Empire of the Sun: A lifetime’s passion for ‘shadowfile’ David

David MacDougall joined fellow enthusiasts in Svalbard for the 'greatest show on earth'
David MacDougall joined fellow enthusiasts in Svalbard for the 'greatest show on earth'

Dedicated eclipse chaser from Kirkcaldy travelled to the arctic extremes of Svalbard in Norway to witness last week’s spectacular event

A partial eclipse is like getting a kiss on the cheek whereas seeing totality is like a night of mad passion.

So says David MacDougall, whose love affair with the sun and moon began when he took a trip to see his first total solar eclipse in Cornwall in 1999.
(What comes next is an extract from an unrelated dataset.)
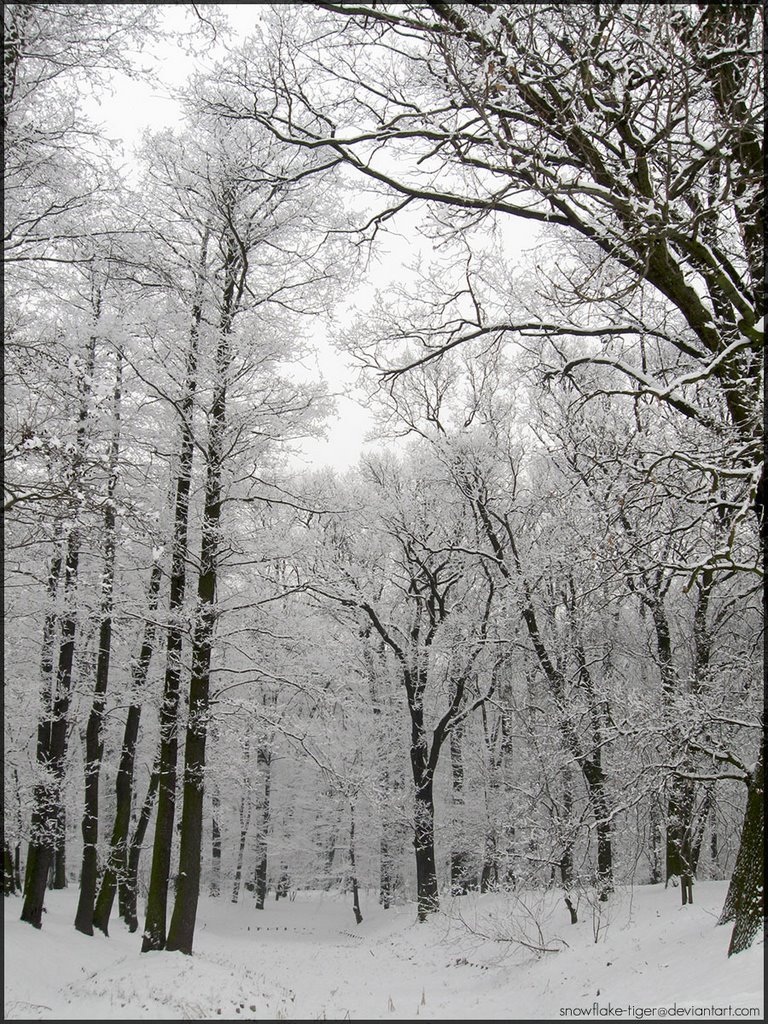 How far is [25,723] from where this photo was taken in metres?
15.8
Since then the 54-year-old from Cluny has travelled the world to witness nine total eclipses, in locations as far flung as Australia, Zimbabwe and, most recently, Svalbard in Norway.

The software developer and golf enthusiast would be the first to admit his friends think his hobby is a tad crazy, but for him there’s no better reason to embark on the adventure of a lifetime.

“That’s part of the thrill,” he said, “to get to go to places where you wouldn’t normally go.”

David MacDougall

David MacDougall

What’s more he visits those places accompanied by a like-minded community of “shadowfiles” - the collective term used for people who “stand in the shadow of the moon.”

One of them even brought a hot air balloon to the greatest show on earth.

“There was something like 80-90 people on this Explorers Tour and I must have known at least half of them by sight,” said the 54 year-old.

And the trip north was worth it because Friday’s total eclipse, which enjoyed clear skies and displayed spectacular prominences, was the best one he had ever witnessed

I will never complain about the cold ever again!

David MacDougall

Arctic conditions in Svalbard did prove challenging, however, for those assembled on the outskirts of the town of Longyearbyen which is situated 78 degrees north, in temperatures of minus 21 degrees centigrade.

“At totality the temperature dropped further to minus 24 degrees centigrade,” said David.

“Everyone was experiencing serious problems with technology because batteries were going flat in the cold, cameras stopped working and operators couldn’t actually feel if they were pushing the button!”

Nevertheless, he managed to capture magnificent shots.

“It was like somebody had touched a dimmer switch and turned off the light,” he said.

“In the distance mountains were still draped in sunlight but where we stood it was very dark.”

He added: “It’s staggering that the sun and the moon are exactly the same size in the sky during alignment,

“As the author Iain Banks said: if you want to meet an alien stand in the shadow of the moon and they will be there.”

Meanwhile, he’s already planning a trip to Indonesia next year.

“The first person that complains bout the heat will get sent to Svalbard,” joked David.

“I will never complain about the cold ever again!”

Armed guards for Svalbard group

Four armed guards surrounded eclipse hunters in Svalbard to provide protection from roaming polar bears, following an attack on a Czech tourist recently.

“All the locals were quite upset when that polar bear was put down,” said David.

“There are 2000 people and 3000 polar bears and they all know them by name.”

A tent was assembled on the ice to provide eclipse hunters with a warm refuge from arctic conditions.

David said: “After the eclipse, 90 people tried to get into that tent, including guards with rifles!”